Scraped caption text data
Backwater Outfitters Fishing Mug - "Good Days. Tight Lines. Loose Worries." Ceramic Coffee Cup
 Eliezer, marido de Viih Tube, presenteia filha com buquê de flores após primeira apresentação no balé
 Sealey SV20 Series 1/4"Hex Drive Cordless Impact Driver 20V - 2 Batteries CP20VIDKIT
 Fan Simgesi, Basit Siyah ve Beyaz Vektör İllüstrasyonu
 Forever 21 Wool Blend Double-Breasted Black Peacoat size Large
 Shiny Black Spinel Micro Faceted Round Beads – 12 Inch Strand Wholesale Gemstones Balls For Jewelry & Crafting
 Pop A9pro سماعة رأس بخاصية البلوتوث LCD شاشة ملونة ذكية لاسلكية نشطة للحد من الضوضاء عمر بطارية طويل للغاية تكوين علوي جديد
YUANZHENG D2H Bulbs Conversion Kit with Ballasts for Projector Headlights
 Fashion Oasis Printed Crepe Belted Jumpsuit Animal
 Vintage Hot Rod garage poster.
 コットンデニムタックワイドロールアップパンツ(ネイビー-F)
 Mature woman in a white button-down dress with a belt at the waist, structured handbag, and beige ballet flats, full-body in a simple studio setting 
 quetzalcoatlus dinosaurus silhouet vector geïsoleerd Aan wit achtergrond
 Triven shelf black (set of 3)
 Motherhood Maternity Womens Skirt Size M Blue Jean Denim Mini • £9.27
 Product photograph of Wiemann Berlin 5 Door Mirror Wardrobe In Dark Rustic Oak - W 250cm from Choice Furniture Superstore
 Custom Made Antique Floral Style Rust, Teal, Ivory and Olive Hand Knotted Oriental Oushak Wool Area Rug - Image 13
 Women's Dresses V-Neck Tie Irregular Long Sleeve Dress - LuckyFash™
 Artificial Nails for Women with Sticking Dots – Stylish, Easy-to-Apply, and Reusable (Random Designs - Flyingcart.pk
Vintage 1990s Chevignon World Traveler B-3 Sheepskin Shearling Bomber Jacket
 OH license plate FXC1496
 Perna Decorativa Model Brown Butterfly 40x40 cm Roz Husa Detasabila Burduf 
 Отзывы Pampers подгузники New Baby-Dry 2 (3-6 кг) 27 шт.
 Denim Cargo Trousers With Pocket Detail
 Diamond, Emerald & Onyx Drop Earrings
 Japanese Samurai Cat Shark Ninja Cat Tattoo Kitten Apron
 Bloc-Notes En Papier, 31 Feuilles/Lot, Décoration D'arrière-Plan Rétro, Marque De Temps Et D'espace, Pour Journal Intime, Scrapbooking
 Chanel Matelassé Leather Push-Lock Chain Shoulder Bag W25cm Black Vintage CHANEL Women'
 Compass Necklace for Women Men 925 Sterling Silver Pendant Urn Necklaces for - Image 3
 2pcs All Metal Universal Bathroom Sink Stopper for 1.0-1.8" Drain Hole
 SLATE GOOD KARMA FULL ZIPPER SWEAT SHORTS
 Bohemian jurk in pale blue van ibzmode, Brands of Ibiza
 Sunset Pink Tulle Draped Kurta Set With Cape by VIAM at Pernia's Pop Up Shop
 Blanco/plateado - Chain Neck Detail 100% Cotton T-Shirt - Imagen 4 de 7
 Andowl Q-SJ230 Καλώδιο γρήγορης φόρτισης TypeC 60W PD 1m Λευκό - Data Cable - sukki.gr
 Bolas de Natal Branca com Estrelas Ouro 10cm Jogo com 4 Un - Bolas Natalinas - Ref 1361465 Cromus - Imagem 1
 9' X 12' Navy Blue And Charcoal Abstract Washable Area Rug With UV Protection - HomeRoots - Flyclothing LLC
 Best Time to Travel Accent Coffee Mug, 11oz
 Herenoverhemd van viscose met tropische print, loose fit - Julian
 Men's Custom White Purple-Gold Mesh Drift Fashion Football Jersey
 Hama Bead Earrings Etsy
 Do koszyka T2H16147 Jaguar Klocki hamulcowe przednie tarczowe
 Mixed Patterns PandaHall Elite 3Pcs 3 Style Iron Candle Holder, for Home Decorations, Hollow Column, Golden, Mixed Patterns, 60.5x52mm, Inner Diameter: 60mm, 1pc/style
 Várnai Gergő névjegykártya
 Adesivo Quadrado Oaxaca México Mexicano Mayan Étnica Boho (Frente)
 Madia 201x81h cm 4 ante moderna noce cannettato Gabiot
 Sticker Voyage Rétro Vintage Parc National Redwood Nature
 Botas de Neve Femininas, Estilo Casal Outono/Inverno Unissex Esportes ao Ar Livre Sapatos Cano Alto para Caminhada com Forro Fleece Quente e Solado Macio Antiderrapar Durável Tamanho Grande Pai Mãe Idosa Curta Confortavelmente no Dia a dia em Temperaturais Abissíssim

## What to produce
Will you return exactly the lines above from the one with "Bohemian jurk in" down to the one with "Sticker Voyage Rétro", counting both as part of the range?

## Your solution
 Bohemian jurk in pale blue van ibzmode, Brands of Ibiza
 Sunset Pink Tulle Draped Kurta Set With Cape by VIAM at Pernia's Pop Up Shop
 Blanco/plateado - Chain Neck Detail 100% Cotton T-Shirt - Imagen 4 de 7
 Andowl Q-SJ230 Καλώδιο γρήγορης φόρτισης TypeC 60W PD 1m Λευκό - Data Cable - sukki.gr
 Bolas de Natal Branca com Estrelas Ouro 10cm Jogo com 4 Un - Bolas Natalinas - Ref 1361465 Cromus - Imagem 1
 9' X 12' Navy Blue And Charcoal Abstract Washable Area Rug With UV Protection - HomeRoots - Flyclothing LLC
 Best Time to Travel Accent Coffee Mug, 11oz
 Herenoverhemd van viscose met tropische print, loose fit - Julian
 Men's Custom White Purple-Gold Mesh Drift Fashion Football Jersey
 Hama Bead Earrings Etsy
 Do koszyka T2H16147 Jaguar Klocki hamulcowe przednie tarczowe
 Mixed Patterns PandaHall Elite 3Pcs 3 Style Iron Candle Holder, for Home Decorations, Hollow Column, Golden, Mixed Patterns, 60.5x52mm, Inner Diameter: 60mm, 1pc/style
 Várnai Gergő névjegykártya
 Adesivo Quadrado Oaxaca México Mexicano Mayan Étnica Boho (Frente)
 Madia 201x81h cm 4 ante moderna noce cannettato Gabiot
 Sticker Voyage Rétro Vintage Parc National Redwood Nature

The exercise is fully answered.